Since 2016, the Early Years Coalition has been focusing efforts on how to obtain the coalition’s goal, “Children are ready to learn by start of school.”  Early childhood educators, childcare providers, government agencies along with other non-profits have been collaborating and engaging in these conversations. The coalition has identified the following outcomes to work on throughout 2018:

  • Ready to Learn = Developing Social and Emotional skills through active play, joint interaction, role modeling and soft skills
  • Able to pass beginning of year 4K assessment
  • Increase community involvement in coalition
  • Increase awareness to community
  • Milestones for each year are created/determined by panel of professionals from the community (defining what it means to be ready)
  • Increase awareness of the coalition and its goal throughout the community
  • Increase free resources for parents to enhance social and emotional development for their child(ren)

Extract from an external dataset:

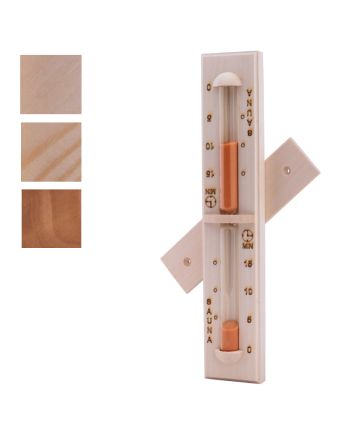 Sentiotec Sanduhr mit orangefarbenem Sand | Farbwahl | klimaworld.com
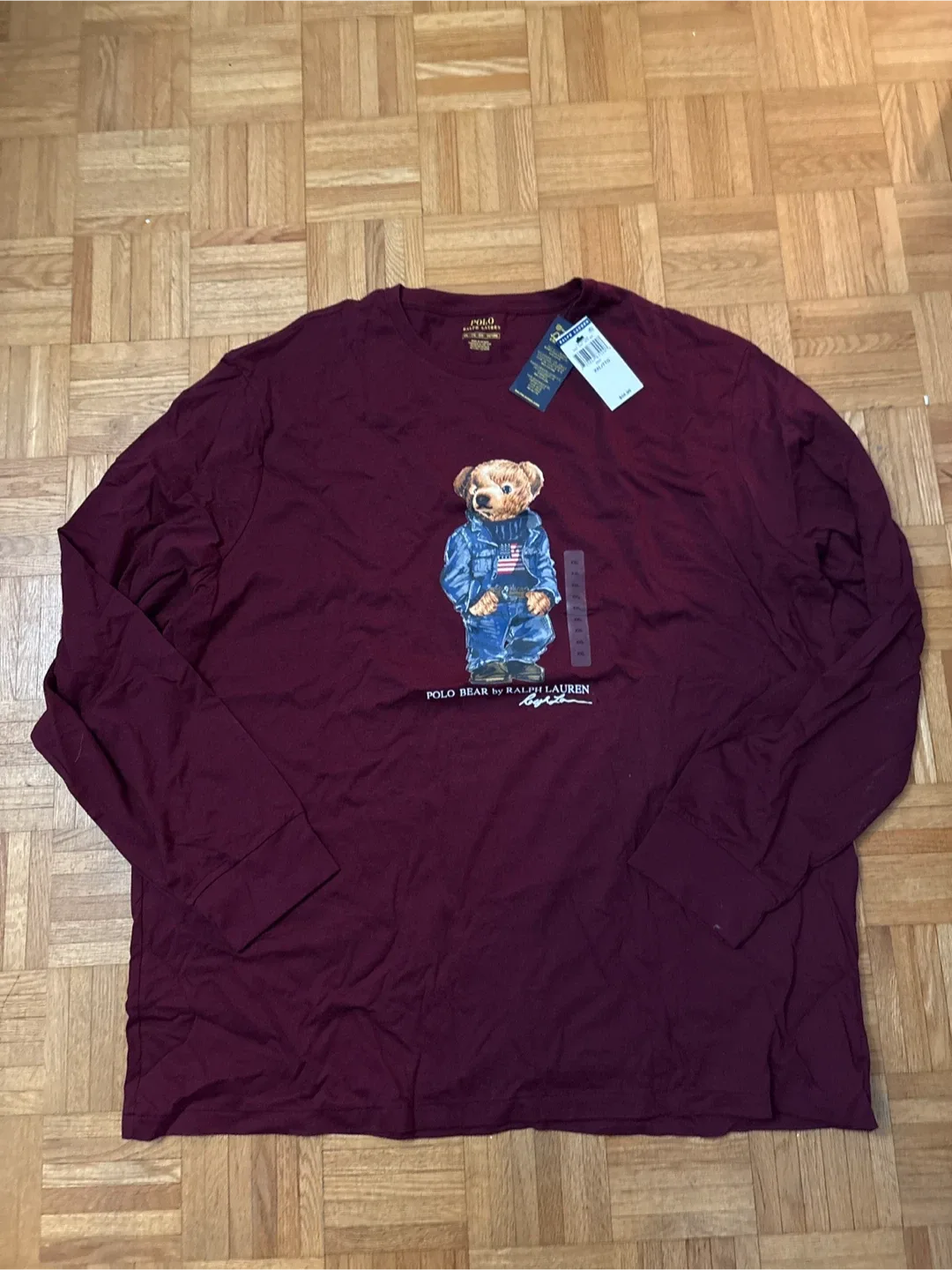 New Polo Ralph Lauren Bear Long Sleeve XXL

Anyone with an interest in this topic is encouraged and welcomed to join us at the table for this work.

Coalition Members

Did You Know...

  • The Early Years Coalition’s goal is that children are ready to learn by start of school, focusing on promoting active play, role modeling, reading every day beginning at birth, joint interaction, soft skill development, healthy habits, and supporting parents and caregivers.
  • Parents/guardians of children ages birth-4 will have the opportunity to participate in the Born Learning Academy, beginning in 2018.  This FREE program provides tools and resources to help parents learn how to turn everyday moments into teachable ones to enhance school readiness.
  • In the first few years of life, more than 1 million new neural connections are formed every second (in the brain).
  • Between 9.5 and 14.2 percent of children between birth and five years of age experience social-emotional problems that negatively impact their functions, development and school-readiness.
  • Children’s academic success at ages 9 and 10 can be attributed to the amount of talk they hear from birth through age 3.